Supplied data:
_ _ _ _

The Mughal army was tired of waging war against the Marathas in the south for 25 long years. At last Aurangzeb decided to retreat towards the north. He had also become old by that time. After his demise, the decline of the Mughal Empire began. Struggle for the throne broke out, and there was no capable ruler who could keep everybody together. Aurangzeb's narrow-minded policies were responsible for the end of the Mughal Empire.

_ _ _ _

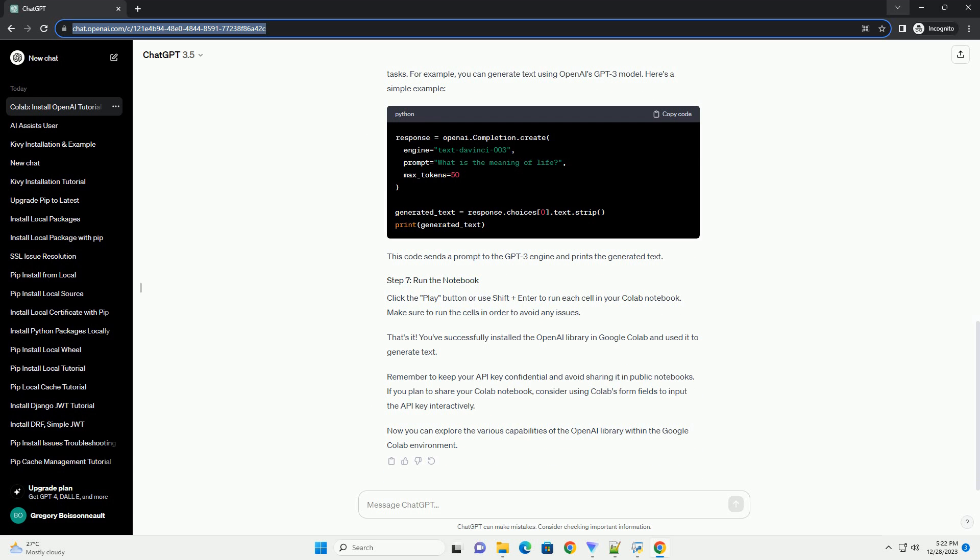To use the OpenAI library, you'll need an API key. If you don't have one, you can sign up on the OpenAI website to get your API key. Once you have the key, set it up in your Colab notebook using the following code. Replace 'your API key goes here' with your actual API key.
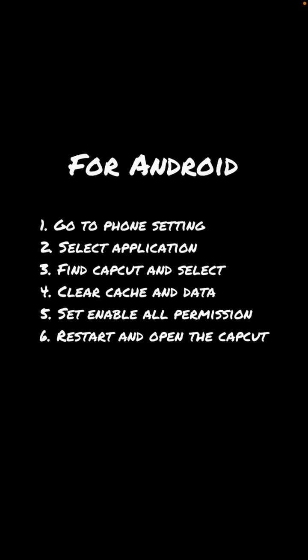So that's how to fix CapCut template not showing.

_ _ _ _

Problem to work on:
Look above for the line with "To use the OpenAI" and the line with "So that's how", then restate exactly those two lines and all lines between them, with no pictures.

Completed task:
To use the OpenAI library, you'll need an API key. If you don't have one, you can sign up on the OpenAI website to get your API key. Once you have the key, set it up in your Colab notebook using the following code. Replace 'your API key goes here' with your actual API key.
So that's how to fix CapCut template not showing.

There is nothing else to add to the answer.